Two blue boxes, one with a clear window and the other with a locomotive blueprint on it, on white table
Rapido’s F59PH diesel locomotive and Horizon coach sit inside their boxes. How do these arrive in one piece? Bryson Sleppy photo

 

Bryson: How did these models survive the fall?

Jason: The packaging actually stood up pretty well. Some of the boxes were destroyed. You can’t ship a model with bent or dented cardboard boxes. But for the most part, most of the models survived. We just needed new blister packs, new packaging, and new boxes from the factory.

 

B: So you give a lot of credit to the packaging?

J: Nothing is designed to fall three meters, which is about how far it fell. It’s ridiculous. The drop test we normally do on our models is a one meter. We drop the model flat and on a corner so we can see what breaks off.

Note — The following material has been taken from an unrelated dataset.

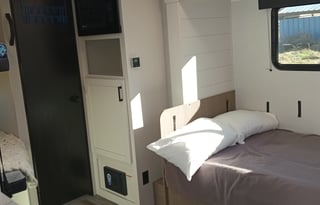 2026 LIGHTWEIGHT - SLEEPS 8 ANY TRUCK CAN PULL!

Sometimes they pass the drop test, but they do not survive the UPS, FedEx, UPS, or Canada Post test. We’ve had models get punched through the blister and shred the blister. For that to happen, it probably has to fall 20 feet. The packages take an absolute beating after they leave our facility.

Falling off the back of a truck, the blister did what it’s supposed to do. There’s no way to protect the package from being dropped 20 feet in the sorting facility, it’s just not possible. If it lands flat, it’s probably fine. If it lands on a corner or on the end, forget it. A large part of our warranty claims is from stuff getting destroyed in shipping. The fact that they actually plunge through the blister, for locomotives, that’s because they’re so heavy. That’s a real challenge.

We’re currently delivering a bulkhead flatcar. On the first samples that the factory sent us, the bulkheads sheared off. Every single one. We said, “this passed your drop test but it’s not passing the UPS test.” We can’t have thousands of flatcars returned to us being in pieces. We have to redesign the packaging and hope for the best.

 

B: Does Rapido design the physical aspect of its packaging?

J: We have our own factories that we work with. The blister is made from a vacuum-formed mold that’s not nearly as expensive as doing injection molding. It’s made out of PVC plastic. What we do for the blister is we send them a drawing of the model with all the possible detail parts installed. Then they use that 3-D drawing to create the master that they then create the vacuum-form mold over. What we’re finding with the number of products is that’s not enough. We need to add some other element to the blister to prevent the models from moving around. We’re looking at, in the future, redesigning some of our blisters. But it’s done with the team in China, we don’t design them here.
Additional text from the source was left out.